Google has recently revealed Stadia, a cloud gaming service that is supposed to take the gaming world by storm. What we know right now about what they released is that the gamer can seamlessly play games across many consoles right from their Chrome browser with no download or installation time needed. I’ll let you check out all the features by yourself from their keynote announcement. It may seem like a standard “let's take on the gaming industry” move but there is much more than meets the eye. By launching Stadia, Google has conquered a huge hurdle in cloud computing and if they can successfully implement this into the market, this could be an even bigger power move than we think.
No Hardware Needed
Google takes ownership of the hardware issues you’ve previously had such as having to upgrade your graphics card/processor, and now gaming is not limited to what device you have and how powerful it is. This means they have shown that you need essentially a good internet connection and a device with a browser to run an intensive game. If this sounds all too familiar to you, you might be right! Does the Chromebook ring any bells?

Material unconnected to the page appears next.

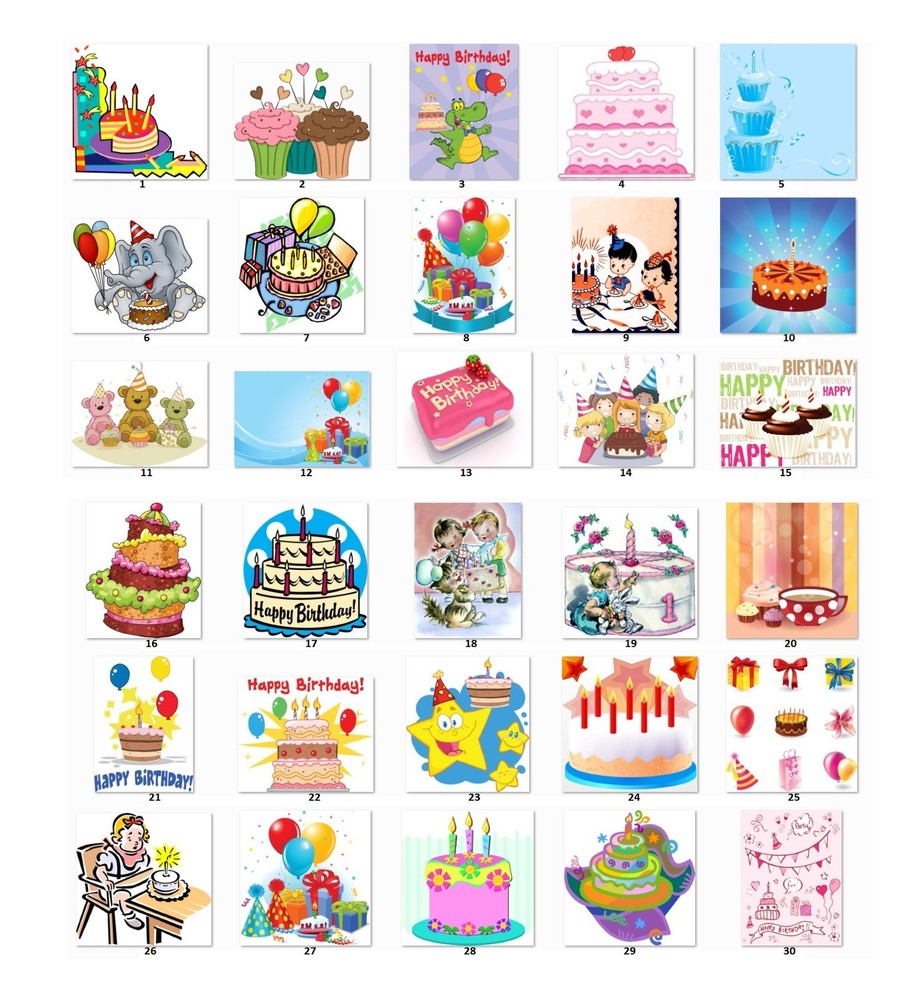 30 Personalized Birthday Cakes Celebration address labels {bc1}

The Chromebook perhaps was publicly considered a flop (although it can be debated) but it was something Google could really learn from. The Chromebook was meant for people with the purpose to use the browser and apps like sheets and docs to meet their needs, and no operating system needed. It did not quite cover the gaming aspect, and perhaps this is why they went into this industry, because of its lucrative growth and technically showing the power of cloud computing. The big speedbump to customer adoption is the internet connection, however, it is estimated by 2020, that half the world will be connected online and 5G technology has the potential to be faster than fiber optic landlines. To put this into perspective, 5G could top out at 10 Gigabits per second, meaning you could download a full two-hour movie in a matter of seconds. You will need to invest in a device that has 5G hardware, which is not really out yet.

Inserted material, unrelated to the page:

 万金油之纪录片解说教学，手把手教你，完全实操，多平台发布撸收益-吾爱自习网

With at least 15 of the worlds most valuable companies producing a computing device or hardware for it, how will this move affect them? This means manufacturers could make a computer with less expensive parts or even fewer parts. With fewer parts, you eliminate a lot of the hardware maintenance and increasing the lifecycle of the computer. Hardware developers like Nvidia would need to manufacture for servers in the data centers rather than to computer manufacturers and this could come with new challenges, products, and services.
From an abstract perspective, the combination of a large amount of computing power with a purchase of a lower spec device. I can only imagine what this means for other innovation, the return of Google Glasses, smart pens, IoT devices and etc.
Focusing on the gaming community, contrary to what most people may think, is evenly spread out between age and gender, which can relate to their strategy in the sense that they can penetrate and evenly spread out market and get them used to cloud computing.
Game developers, creators and/or gamers are no longer limited to hardware specifications as Google handles these changes. The question is would Google upgrade as fast as possible or upgrade as profitable as possible.
Emerging markets will still need to wait for better telecommunications infrastructure before utilizing some of the aspects of this computing power. Although, after implemented, those with access to fast connection speeds(not fast computers) from number different backgrounds will have the ability to have different kinds experiences, essentially going beyond gaming(For example creating animations, rendering, complex calculations or data processing). For now, only the US, Canada, UK, and Europe will have access to this power.
With Gaming as an access point, Google could get more insight into behavior in virtual worlds. This coupled with their current portfolio of data sources and their rapidly improving AI could give them more insight into people decision making processes in real life. It was slightly foreshadowed at the beginning of their keynote saying that Waymo is constantly collecting even more data and recording different real-life scenarios.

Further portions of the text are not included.